-- DATA RECORDS follows --
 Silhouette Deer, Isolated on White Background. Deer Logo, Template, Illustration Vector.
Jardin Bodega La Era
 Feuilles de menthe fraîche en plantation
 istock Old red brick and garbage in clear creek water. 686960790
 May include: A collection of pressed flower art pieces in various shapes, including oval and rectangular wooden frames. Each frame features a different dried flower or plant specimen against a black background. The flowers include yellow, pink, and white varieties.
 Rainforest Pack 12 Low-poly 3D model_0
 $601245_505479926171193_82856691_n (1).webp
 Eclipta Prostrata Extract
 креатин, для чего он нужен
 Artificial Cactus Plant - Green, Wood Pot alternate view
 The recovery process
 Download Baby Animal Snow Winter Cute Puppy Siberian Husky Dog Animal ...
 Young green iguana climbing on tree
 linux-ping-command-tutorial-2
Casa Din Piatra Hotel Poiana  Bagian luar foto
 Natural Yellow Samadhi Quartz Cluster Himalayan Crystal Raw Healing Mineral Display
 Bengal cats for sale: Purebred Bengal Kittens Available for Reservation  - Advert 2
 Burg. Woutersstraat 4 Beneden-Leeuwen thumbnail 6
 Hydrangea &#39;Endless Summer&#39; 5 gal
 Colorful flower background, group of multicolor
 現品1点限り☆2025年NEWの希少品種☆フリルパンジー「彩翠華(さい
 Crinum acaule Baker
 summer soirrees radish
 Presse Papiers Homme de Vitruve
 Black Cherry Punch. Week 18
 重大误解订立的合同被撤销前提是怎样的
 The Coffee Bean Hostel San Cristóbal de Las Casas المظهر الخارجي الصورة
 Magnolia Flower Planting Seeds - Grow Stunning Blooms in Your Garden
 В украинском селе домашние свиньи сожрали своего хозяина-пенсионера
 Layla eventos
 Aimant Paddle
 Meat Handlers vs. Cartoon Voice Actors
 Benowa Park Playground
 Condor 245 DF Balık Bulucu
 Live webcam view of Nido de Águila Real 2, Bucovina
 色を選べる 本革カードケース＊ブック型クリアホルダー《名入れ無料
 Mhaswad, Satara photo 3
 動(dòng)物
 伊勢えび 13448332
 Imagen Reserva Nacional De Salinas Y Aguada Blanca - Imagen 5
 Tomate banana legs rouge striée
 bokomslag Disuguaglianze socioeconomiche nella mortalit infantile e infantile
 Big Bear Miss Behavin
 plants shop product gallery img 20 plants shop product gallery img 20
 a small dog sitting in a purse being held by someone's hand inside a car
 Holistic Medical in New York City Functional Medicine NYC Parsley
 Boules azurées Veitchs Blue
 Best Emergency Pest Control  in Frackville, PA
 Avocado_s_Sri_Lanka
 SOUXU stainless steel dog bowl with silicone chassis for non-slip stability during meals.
-- DATA RECORDS concluded --
* [ACTIVITY]
The required answer is the exact run of lines above starting at the line with "bokomslag Disuguaglianze socioeconomiche" and ending at the line with "Holistic Medical in", with both ends present.

* [WRITTEN SOLUTION]
 bokomslag Disuguaglianze socioeconomiche nella mortalit infantile e infantile
 Big Bear Miss Behavin
 plants shop product gallery img 20 plants shop product gallery img 20
 a small dog sitting in a purse being held by someone's hand inside a car
 Holistic Medical in New York City Functional Medicine NYC Parsley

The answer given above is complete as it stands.